--- Records provided Enclosed Below ---
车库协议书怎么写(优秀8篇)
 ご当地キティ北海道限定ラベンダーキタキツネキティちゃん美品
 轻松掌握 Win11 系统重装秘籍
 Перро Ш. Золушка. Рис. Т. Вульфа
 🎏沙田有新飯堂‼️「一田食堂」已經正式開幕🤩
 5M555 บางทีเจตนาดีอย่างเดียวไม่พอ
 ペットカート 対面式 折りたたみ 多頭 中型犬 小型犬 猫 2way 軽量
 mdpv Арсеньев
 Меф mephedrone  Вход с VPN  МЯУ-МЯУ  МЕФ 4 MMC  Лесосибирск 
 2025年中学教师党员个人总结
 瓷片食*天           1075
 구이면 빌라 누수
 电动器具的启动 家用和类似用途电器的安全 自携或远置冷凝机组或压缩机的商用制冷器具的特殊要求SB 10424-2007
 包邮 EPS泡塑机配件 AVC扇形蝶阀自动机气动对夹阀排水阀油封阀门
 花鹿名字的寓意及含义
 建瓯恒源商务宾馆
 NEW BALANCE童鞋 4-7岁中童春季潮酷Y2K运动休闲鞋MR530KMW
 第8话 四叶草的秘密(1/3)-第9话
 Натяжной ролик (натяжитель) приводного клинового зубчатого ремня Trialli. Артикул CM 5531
--- End of Enclosed Records provided ---
__Task requirements__: All records shown above must be set down again verbatim.

__Exercise answer__:
车库协议书怎么写(优秀8篇)
 ご当地キティ北海道限定ラベンダーキタキツネキティちゃん美品
 轻松掌握 Win11 系统重装秘籍
 Перро Ш. Золушка. Рис. Т. Вульфа
 🎏沙田有新飯堂‼️「一田食堂」已經正式開幕🤩
 5M555 บางทีเจตนาดีอย่างเดียวไม่พอ
 ペットカート 対面式 折りたたみ 多頭 中型犬 小型犬 猫 2way 軽量
 mdpv Арсеньев
 Меф mephedrone  Вход с VPN  МЯУ-МЯУ  МЕФ 4 MMC  Лесосибирск 
 2025年中学教师党员个人总结
 瓷片食*天           1075
 구이면 빌라 누수
 电动器具的启动 家用和类似用途电器的安全 自携或远置冷凝机组或压缩机的商用制冷器具的特殊要求SB 10424-2007
 包邮 EPS泡塑机配件 AVC扇形蝶阀自动机气动对夹阀排水阀油封阀门
 花鹿名字的寓意及含义
 建瓯恒源商务宾馆
 NEW BALANCE童鞋 4-7岁中童春季潮酷Y2K运动休闲鞋MR530KMW
 第8话 四叶草的秘密(1/3)-第9话
 Натяжной ролик (натяжитель) приводного клинового зубчатого ремня Trialli. Артикул CM 5531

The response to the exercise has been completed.